*DIRECTIONS FOR THIS TASK*
Your output should be exactly the lines from the one containing "多洛米蒂山脉的萨斯波尔多伊山。意大利多洛米蒂阿尔卑斯的美丽风景。照片摄影图片" through the final line of the following data, please, with no pictures.

*DATASET SECTION*
· · · · ·

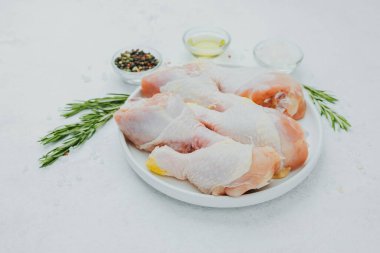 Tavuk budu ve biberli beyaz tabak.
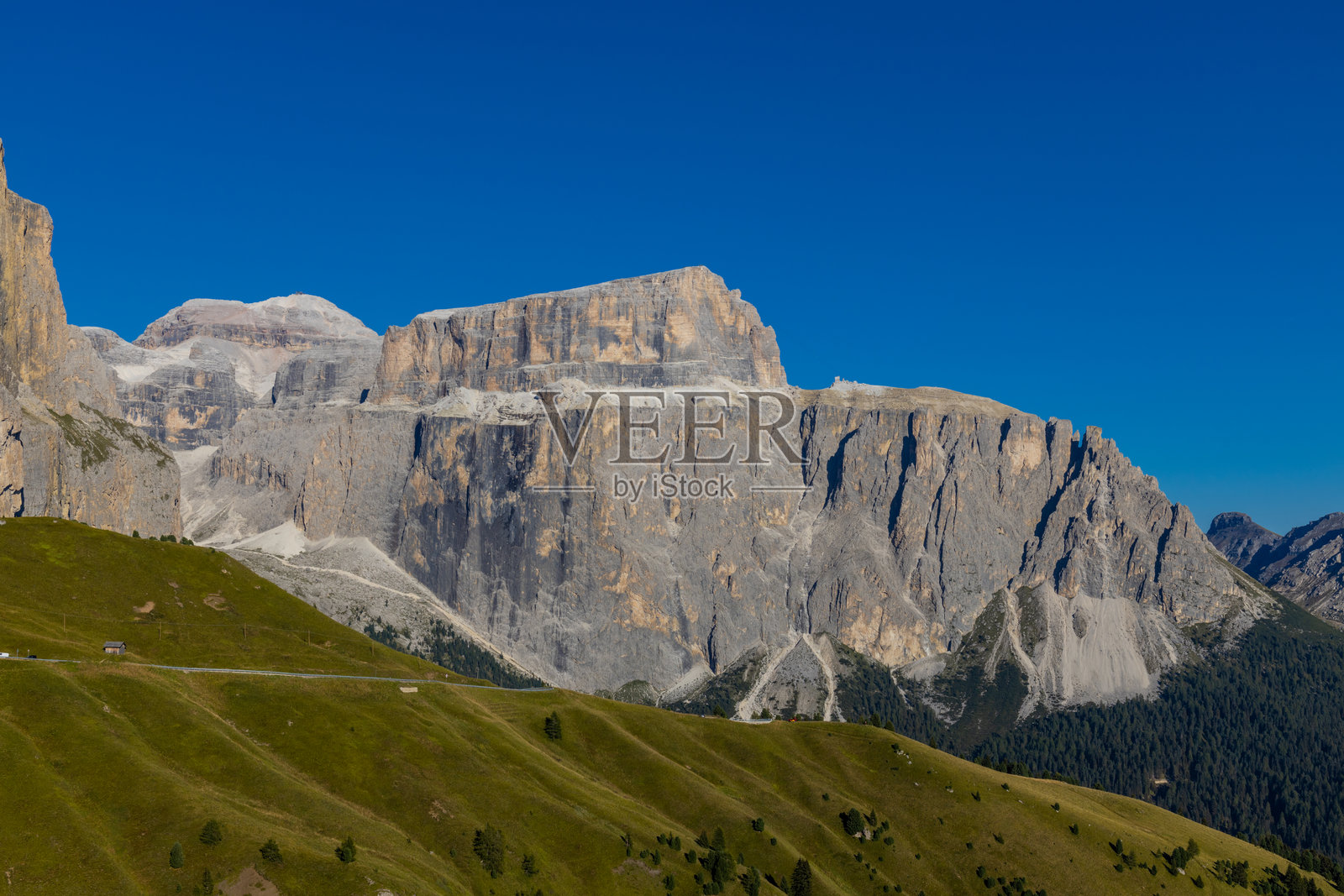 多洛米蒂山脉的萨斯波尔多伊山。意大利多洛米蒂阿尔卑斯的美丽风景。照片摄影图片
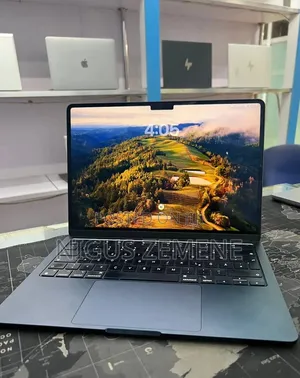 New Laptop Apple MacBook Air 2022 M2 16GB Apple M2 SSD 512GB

· · · · ·

*RESPONSE TO THIS TASK*
 多洛米蒂山脉的萨斯波尔多伊山。意大利多洛米蒂阿尔卑斯的美丽风景。照片摄影图片
 New Laptop Apple MacBook Air 2022 M2 16GB Apple M2 SSD 512GB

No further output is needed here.